To accomplish Step 1 in our adaptive compression architecture, one must be able to compress binary models. The ideal lengths of the two code words for a binary model include one which is less than one bit long (if there is any potential for compression). When methods such as Huffman coding [1] are used to generate code words for these ideal lengths, the code words that result are again one bit in length, resulting in no compression.

The classical solution to this problem is to group together N outcomes from a binary model, estimate probabilities for the  $2^N$  possibilities that arise, and treat them as if they were outcomes from an Nth extension of the original model.



## Figure 4 (a) Concatenation coding; (b) arithmetic coding.

Application of Huffman coding techniques to such a nonbinary model can then yield variable-length code words and the potential for compression.

Note that grouping of binary outcomes into an extension precludes the use of a reconfigurable binary coder and conditional binary models—as required by our general solution for adaptive compression coding.
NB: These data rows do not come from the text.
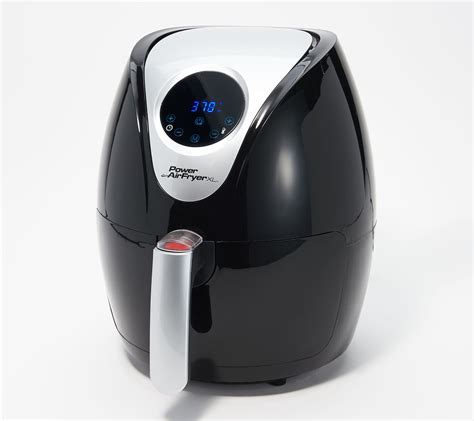 Restored Power Xl Qt Digital W Air Fryer With Recipes And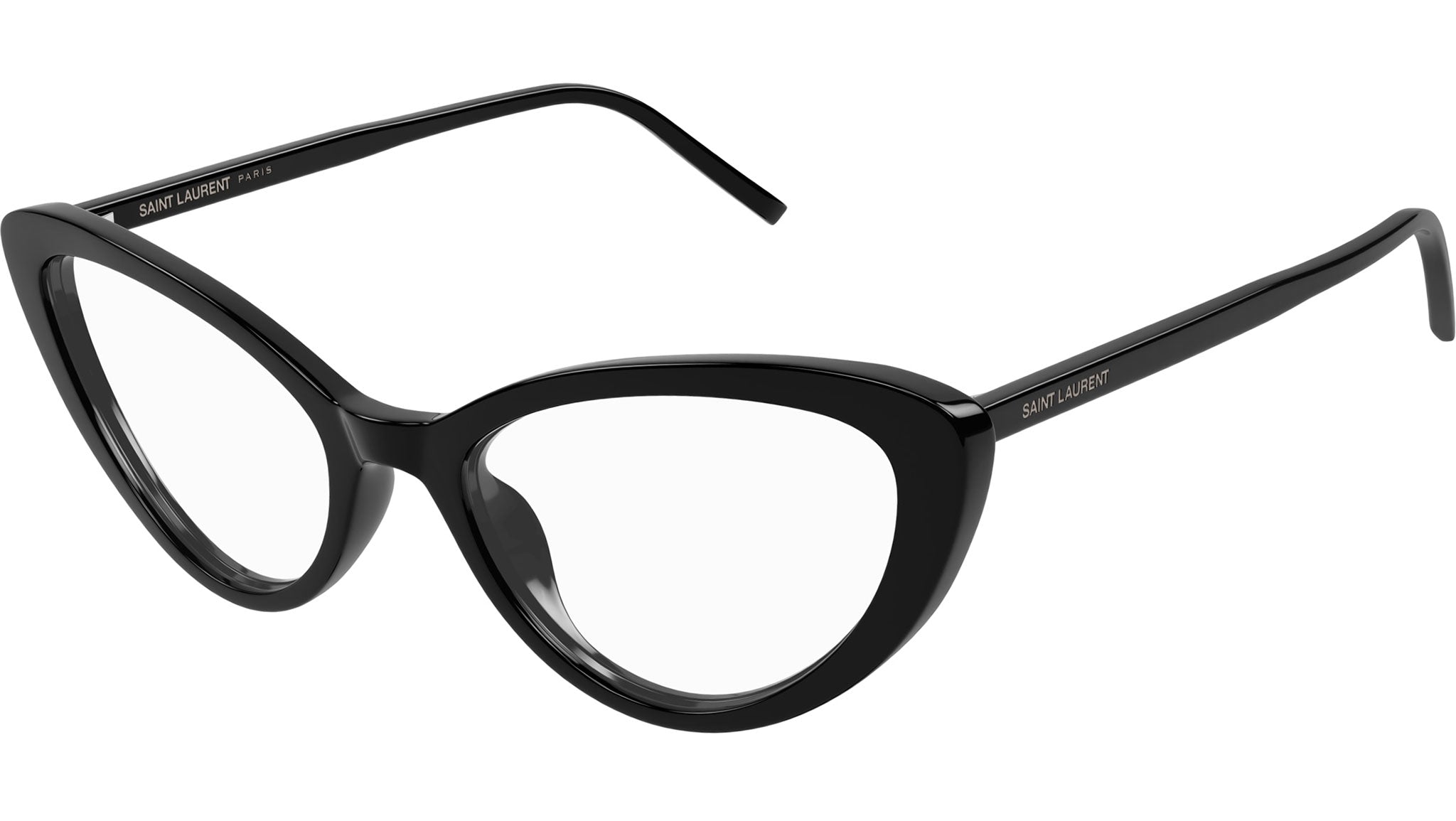 Occhiali da vista SAINT LAURENT SL777 Shiny solid black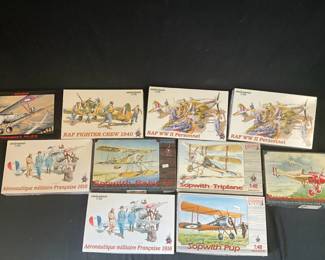 Eduard Model Kits feat. RAF WW2 Personnel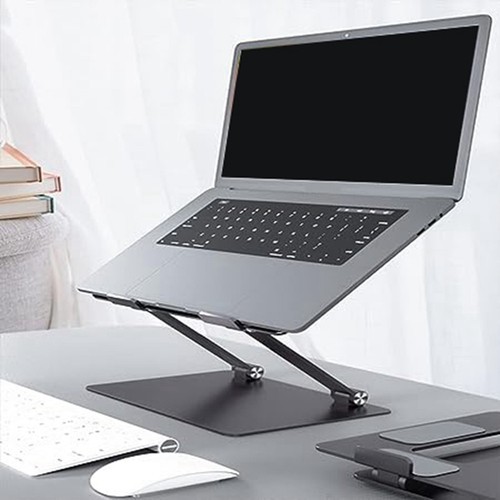 Computer Bracket Notebook Bracket Foldable Metal Heightened Heat5885 - Afbeelding 3 van 8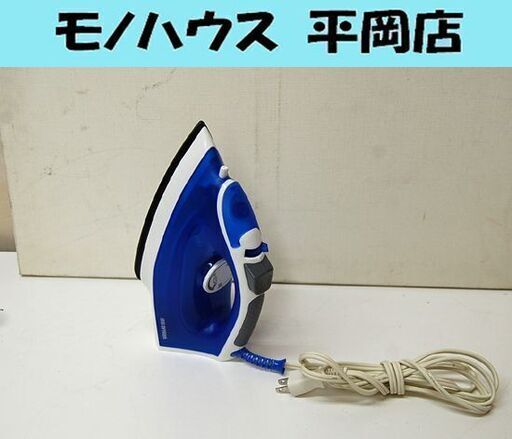 アイリスオーヤマ スチームアイロン 2020年製 SIR-01-A ブルー アイロン IRIS OHYAMA 札幌市 清田区 平岡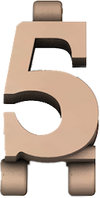 5 Number Icon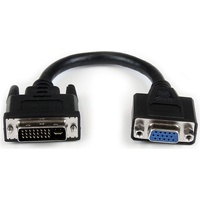 Startech VGA auf DVI-I Adapterkabel (DVIVGAMF8IN)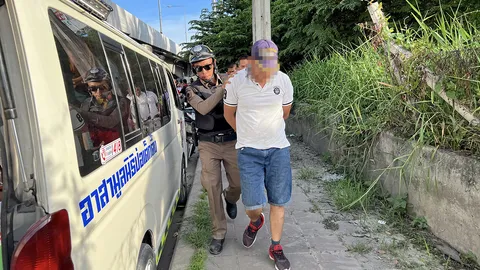 ช่างทางหลวง ยิงร่วง แก๊งลักสายไฟ กําลังลงมือมีประวัติอื้อ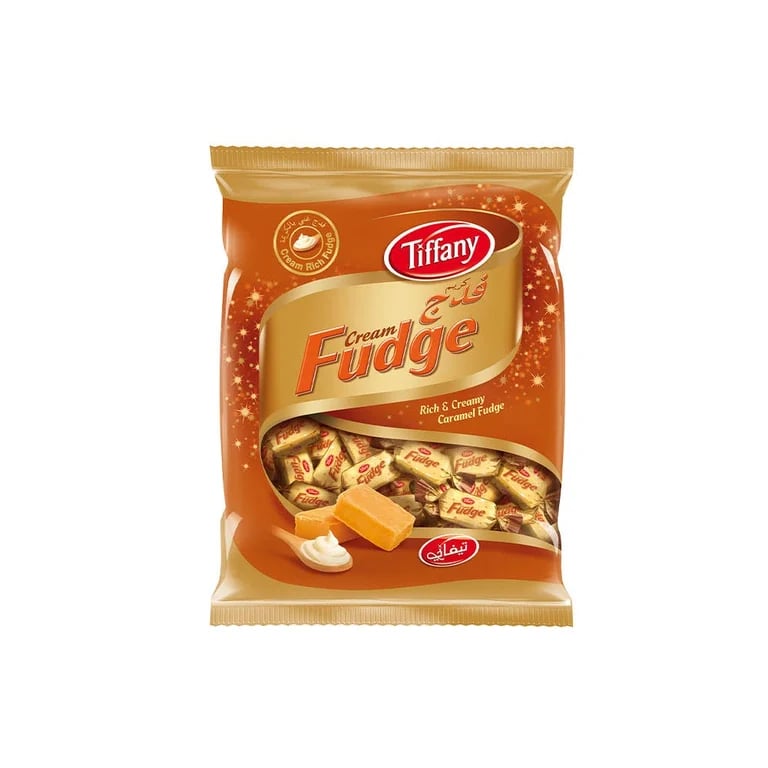 Tiffany Toffees Cream Fudge - 750g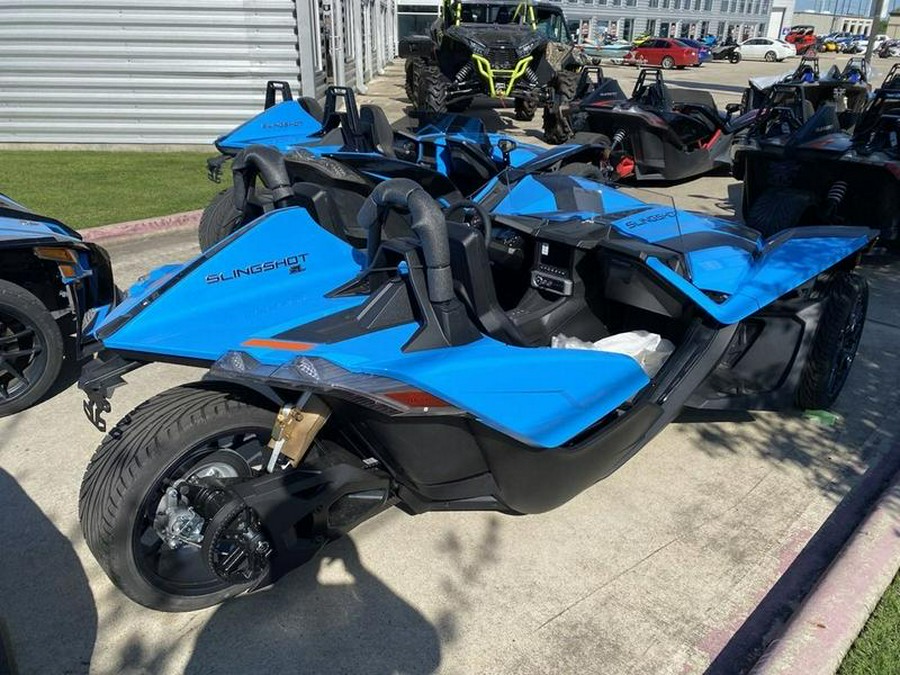 2024 Polaris Slingshot® Slingshot® SL AutoDrive Miami Blue Pearl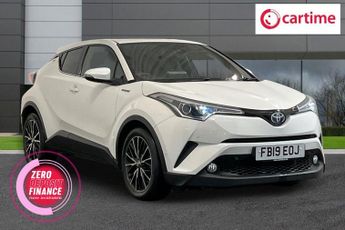 Toyota C-HR 1.8 VVT-h Excel SUV 5dr Petrol Hybrid CVT Euro 6 (s/s) (122 ps) 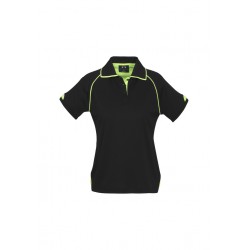 Ladies Fusion Polo Shirt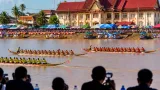 บึงกาฬเตรียมชวนชมแข่งขันเรือยาวไทย-ลาวชิงถ้วยพระราชทาน 11–13 กันยายน
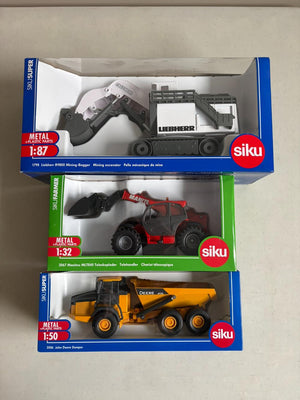 Siku Toy Lot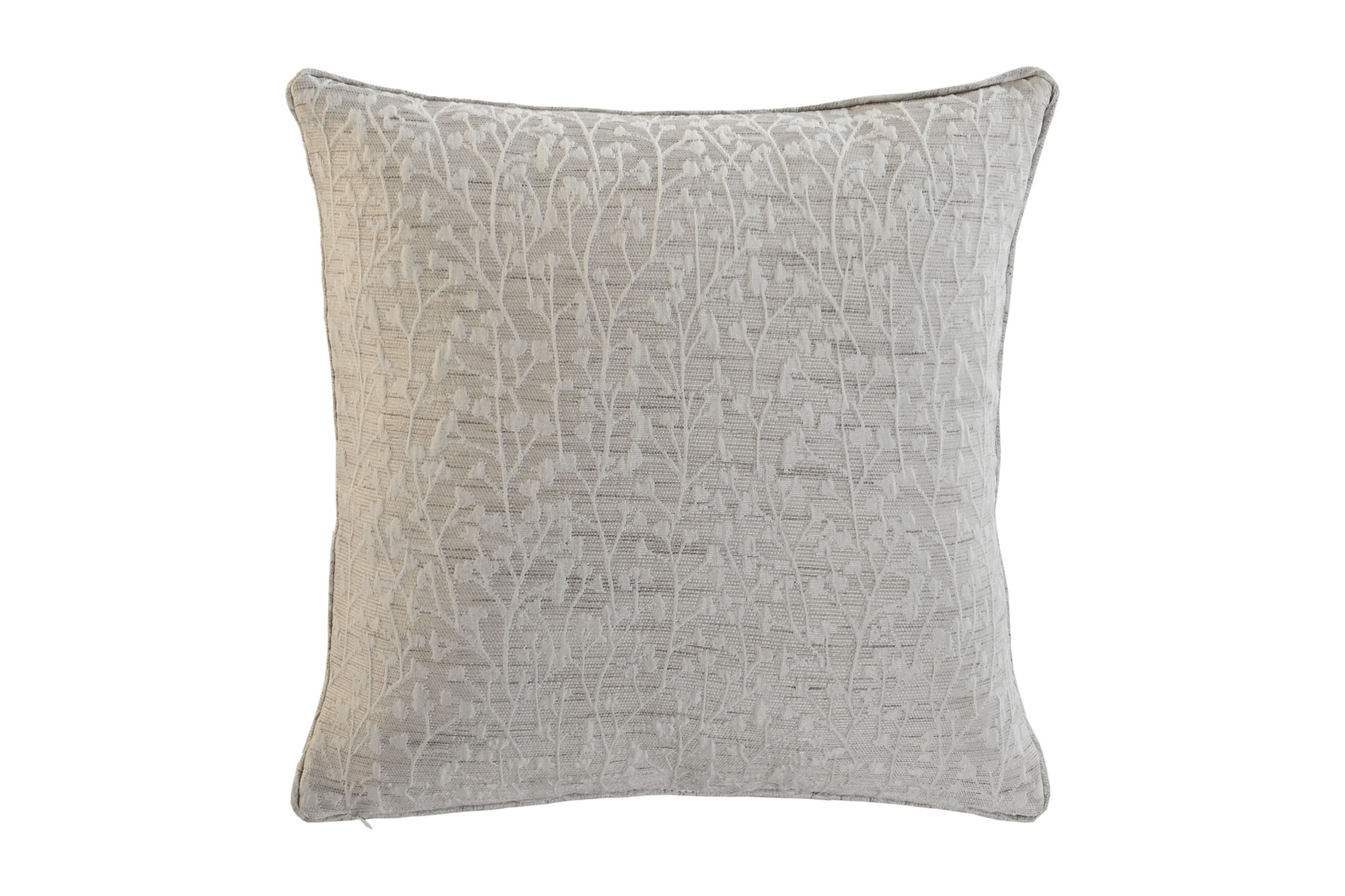 COJIN POLIESTER 45X45X45 420 GR. JAQUARD BEIGE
In contrast to this, arithmetic compression coding can encode binary models directly, without having to resort to grouping outcomes into an Nth extension! It accomplishes this by its unique ability to encode even fractional bits of information.

To better understand arithmetic coding, it is useful to compare its behavior with that of the classical approach, which we shall call "concatenation" coding. That is, block codes [1] such as Huffman coding typically assemble variable-length code words into a code string by using a register, as is illustrated in Figure 4(a). This process consists of alternating between the LOAD of some number L of code-word bits into the register and the SHIFT of a corresponding number of bits, S, out of the register into the code string (i.e., S = L).

In contrast to this, arithmetic coding, as shown in **Figure 4(b)**, permits its code-string assembly register to shift out *less* than the size of the code word that was last loaded (i.e.,  $S \le L$ ). There may be leftover data in the register when the next code word is to be assembled, so that the previous LOAD operation must be redefined. Its operation becomes binary arithmetic (i.e., ADD), hence the name *arithmetic* coding.



# Figure 5 7-bit template.

The point, specifically, is that with arithmetic coding one can encode code words that ideally require fractional bits of length and, in particular, the fractional ideal code-word lengths required to be able to compress a simple binary model. Of course, it must be possible for a decompressor to undo the code from such a nonblock code. The theory of arithmetic coding specifies the extent to which its code words may be overlapped when assembling them into a code string and still retain "unique decodability" [1].

This powerful result includes the ability to instantaneously *change* the probability distributions used in creating code words, even though the code words are mixed into a nonblock code string. Decompression is possible so long as the binary decoder receives a sequence of distributions identical to that used during encoding. It is thereby possible to adapt after each new data bit, to readily encode *conditional* binary model data [16], and to realize the desired general-purpose coder design strategy.

#### ABIC algorithm

#### ABIC model

The potential for compressing bilevel data with *conditional binary* models was investigated theoretically [18], in entropy studies, for some time before it became practical to actually realize implementations. One such model is illustrated in **Figure 5**, wherein each binary pel is encoded based on the conditional state or *context* of a set of 7 neighboring pels. The classical challenge was how to encode such a conditional binary source in the face of a conflicting need to take *N*th extensions.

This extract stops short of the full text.